The orthodox party, in whose favour Constantine had issued his edict to effect the total extinction of its rivals, was soon after afflicted by a schism which convulsed the whole of the Christian church for many years, and was the cause of a furious controversy and persecution. The Arian heresy followed a double election to the church of Carthage. Arius maintained that the Son was an independent and spontaneous production, created from nothing by the will of the Father; that his duration was not infinite, and there had been a time which preceded his ineffable generation, yet notwithstanding the effulgence of his glory, he shone only with a reflected light. This doctrine has not anything in it repugnant to reason, it does not involve any contradiction, and though it is not supported by any proof of the existence of a Son of God, was a plausible explanation offered to those who entertained that belief. Accordingly we find that it rapidly spread in the Christian church, and for many years carried on a successful warfare with the advocates of the trinity. Constantine summoned the two parties to discuss the question, and support their respective doctrines before him.
<<466>>Three hundred bishops were assembled within the walls of his palace. The result of this conference was the ratification of the Nicene creed, and the declaration of Constantine that those who resisted the divine judgment of the synod must prepare themselves for immediate exile. This warning reduced the number of protesting bishops immediately from seventeen to two. Arius was banished into one of the remote provinces, and his writings were condemned to the flames. Three years had scarcely elapsed, when Constantine began to show some symptoms of mercy and even of indulgence towards the exiles, who were recalled, and Arius was received at court with the utmost respect. His faith had been approved of by the Synod of Jerusalem. In compensation of the injustice he had suffered, Constantine issued an absolute command, that he should he publicly admitted to the communion in the cathedral of Constantinople. This triumph he did not enjoy, as he died suddenly on the same day which was appointed for that solemn ceremony. The three principal opponents of Arius were deposed on various accusations, and banished into distant provinces by Constantine, who in his last moments received the rite of baptism from an Arian bishop.

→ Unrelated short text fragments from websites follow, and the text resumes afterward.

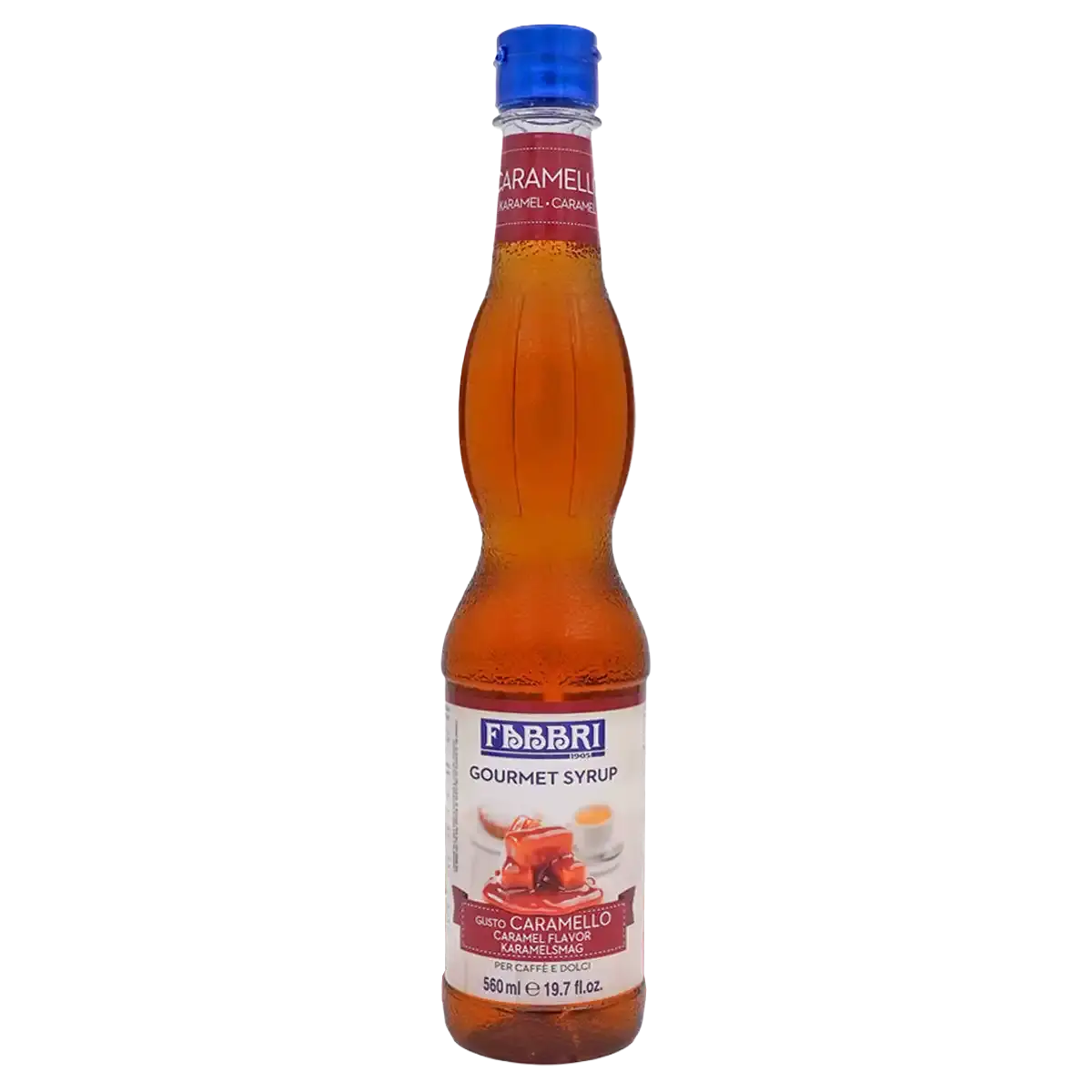 Karamel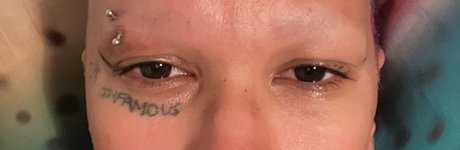 Naken läckt OnlyFans-bild av Richard Nippleson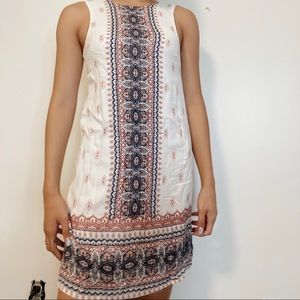 Aeropostale Dress (Small)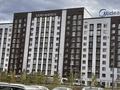 2-бөлмелі пәтер · 48 м² · 6/10 қабат, Кабанбай батыра 64 — ЭКСПО Назарбаев университет, бағасы: 34.9 млн ₸ в Астане, Есильский р-н — фото 16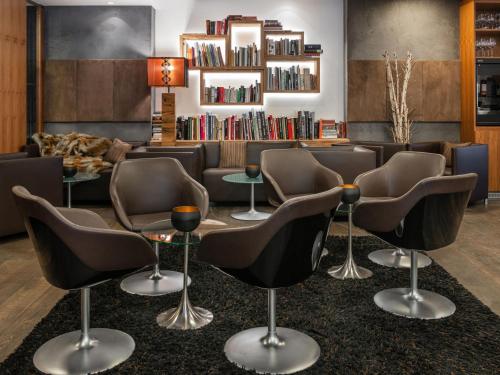 Apartment Taxacher by Interhome in Kirchberg in Tirol Városközpont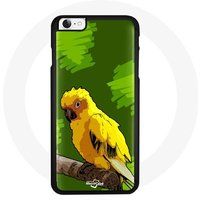 Maniacase Hoesje voor Oppo A80 paris saint germain voetbalclub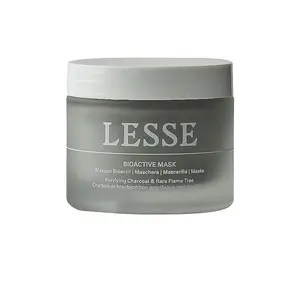 LESSE Bioactive Face Mask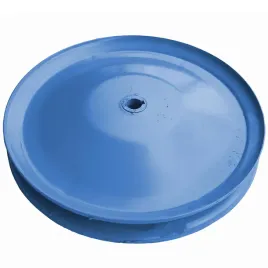 kolo-pasowe-betoniarka-fi-400-28-defro-metalowe-szajba-do-betoniarki-pas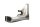 Swingarm, axle carrier, rear wheel mount BMW R 1200 GS K25 0307 R12 04-07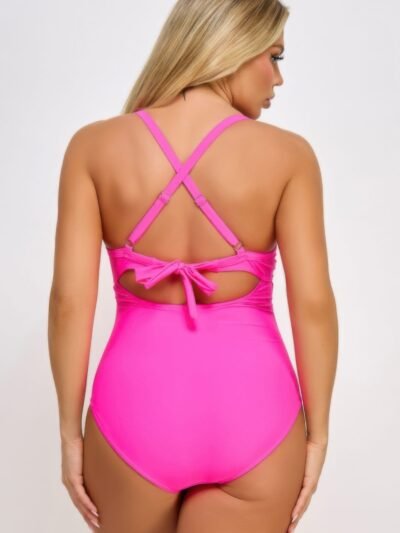 Marilyn Swimsuit Marilyn Swimsuit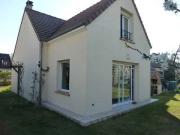 Maison/villa 6 piÃ¨ces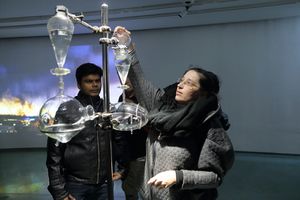 <!--LINK'" 0:164-->, 2016.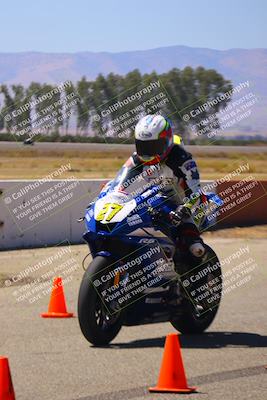 media/Sep-01-2025-Lets Ride (Mon) [[4370d11284]]/Pits/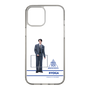スリムプロテクションケース［ スマートフォンケース<制服ver.> - RYOGA ］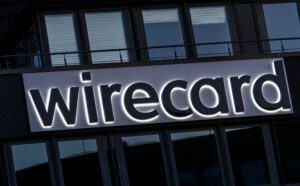BGH-Urteil: Wirecard-Aktionäre müssen sich hinten anstellen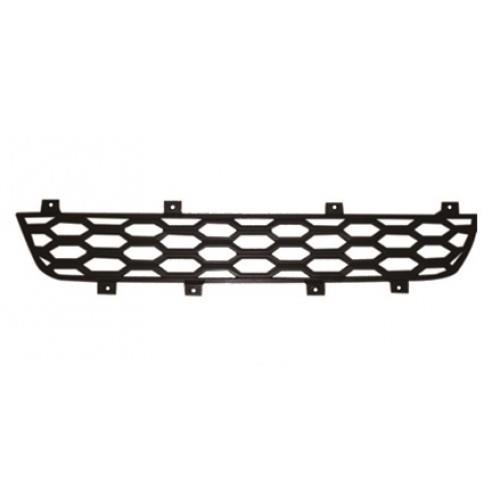 VOLVO FMX Lower Grille , 82333752, , 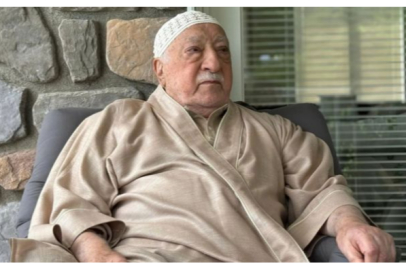 FETÖ lideri Fethullah Gülen öldü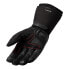 Фото #2 товара REVIT Heated Liberty H2O Winter Gloves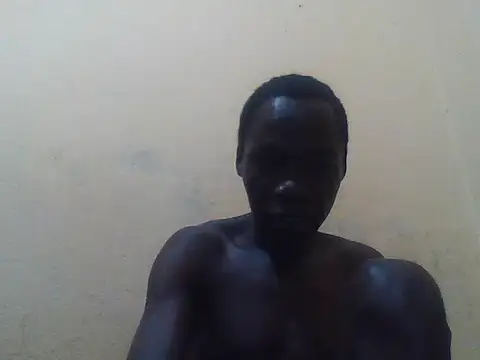 Snapshot of slimdady254 chatting on 07-26-26, 11:00 slimdady254 online show from 07-26-26, 11:00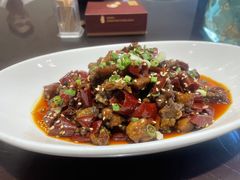 -陈麻婆豆腐总店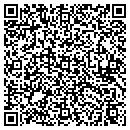 QR code with Schwebels Company Inc contacts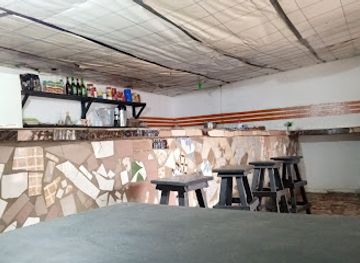 togo/notse/restaurant/cafe-restaurant-ibou-eze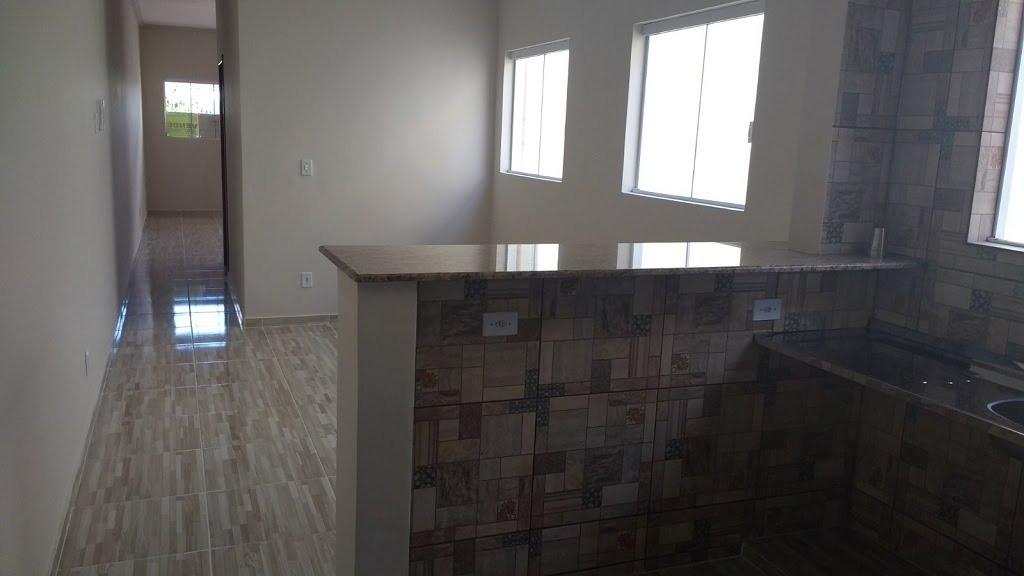 Sobrado, 3 quartos, 138 m² - Foto 14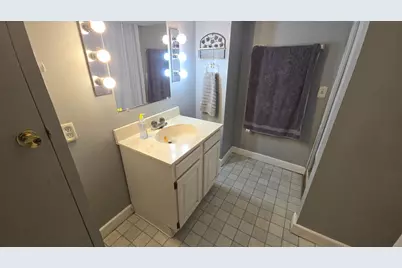 6840 S North Cape Rd, Franklin, WI 53132 - Photo 24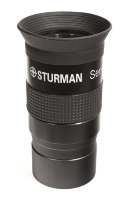 Окуляр телескопа Sturman PL30mm 1,25' - миниатюра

The son of Constantine professed the faith and protected the Arians. Many years of fierce and bloody contention ensued. It is very remarkable that the great object of contention between the two sects, the nature of the Son, should have been so little comprehended by the partisans of the trinity. Athanasius himself candidly confessed,* “that whenever he directed his understanding to meditate on the divinity of the Logos, his toilsome and unavailing efforts recoiled on themselves; the more he thought, the less he comprehended, and the more he wrote, the less able was he of expressing his thoughts.” Yet the whole of his life was devoted to the inculcation and maintenance of the consubstantiality of the Father and the Son.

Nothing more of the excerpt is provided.